Photoinduced controlled radical polymerization mediated by BiOCl nanosheets under simulated solar light

Photochemically active bismuth oxychloride (BiOCl) nanosheets are evaluated for photoinduced controlled radical polymerization under simulated sunlight irradiation, demonstrating that BiOCl-mediated reversible addition fragmentation chain transfer (RAFT) polymerization is feasible. The benefit of using heterogeneous photocatalysts includes easy removal of the catalyst after polymerization. A variety of vinyl monomers including methyl acrylate, ethyl acrylate, N,N-dimethylacrylamide, oligo(ethylene glycol) methyl ether methacrylate, and 4-acryloylmorpholine are successfully polymerized in the presence of trithiocarbonate- and dithiobenzoate-based chain transfer agents at ambient temperature, affording polymers with Mn in the range of 3.8–52 kDa and polymer dispersities (Đ) of 1.11–1.26. Successful chain extension experiments further support that high-end-group fidelity is achieved during sunlight-driven BiOCl-mediated RAFT polymerization.

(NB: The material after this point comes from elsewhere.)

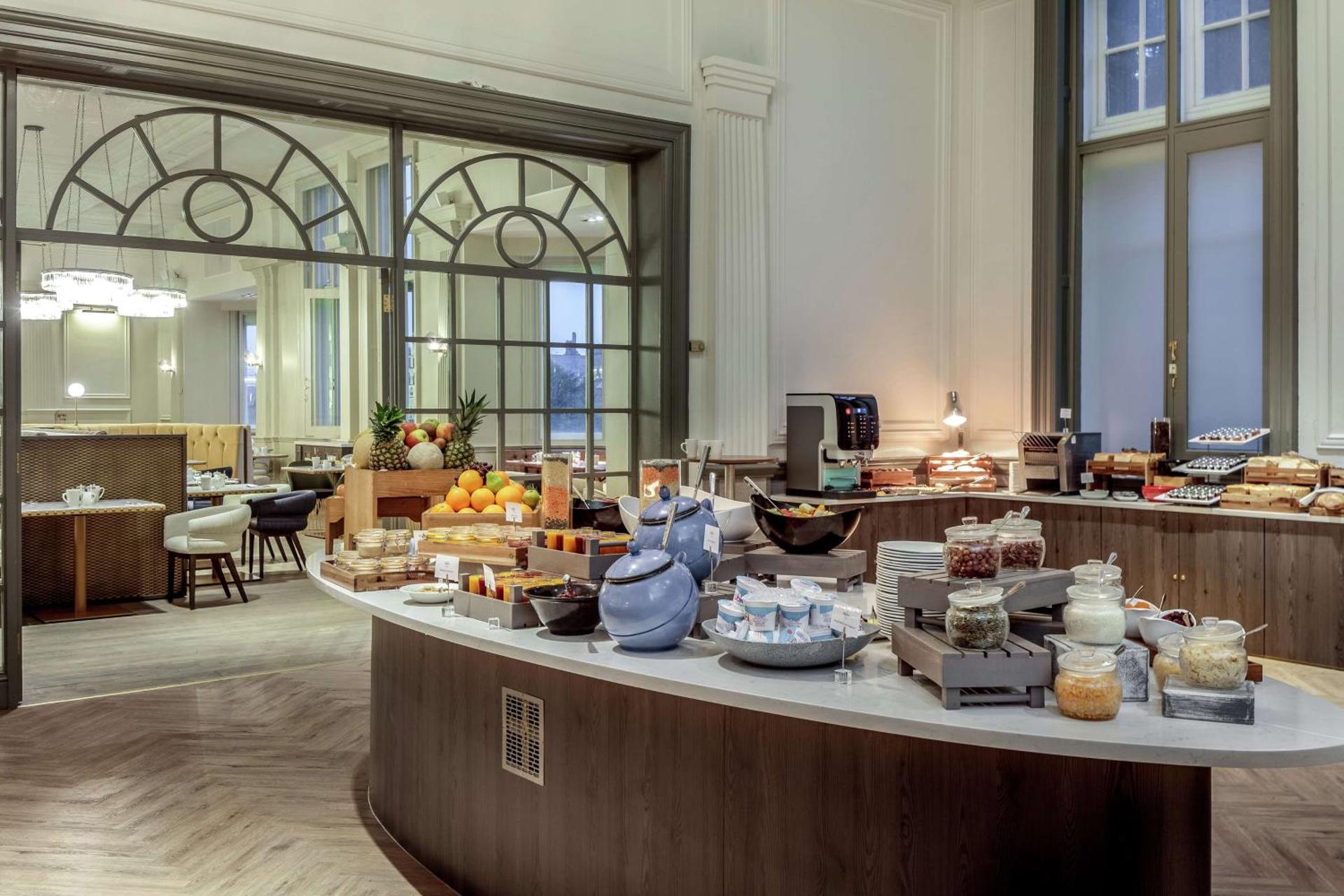 Restaurant/places to eat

In addition, temporal control is demonstrated through intermittent light and dark cycles, where a substantial polymer growth is observed exclusively under sunlight irradiation. BiOCl-mediated RAFT polymerization can also impart excellent control over controlled radical polymerization of water-soluble monomers in water without the need of degassing with nitrogen. Kinetic study of BiOCl-mediated RAFT polymerization of N,N-dimethylacrylamide shows that the apparent rate constants are comparable with and without degassing. This study showcases the utility of heterogeneous photocatalyst BiOCl nanosheets for RAFT polymerization.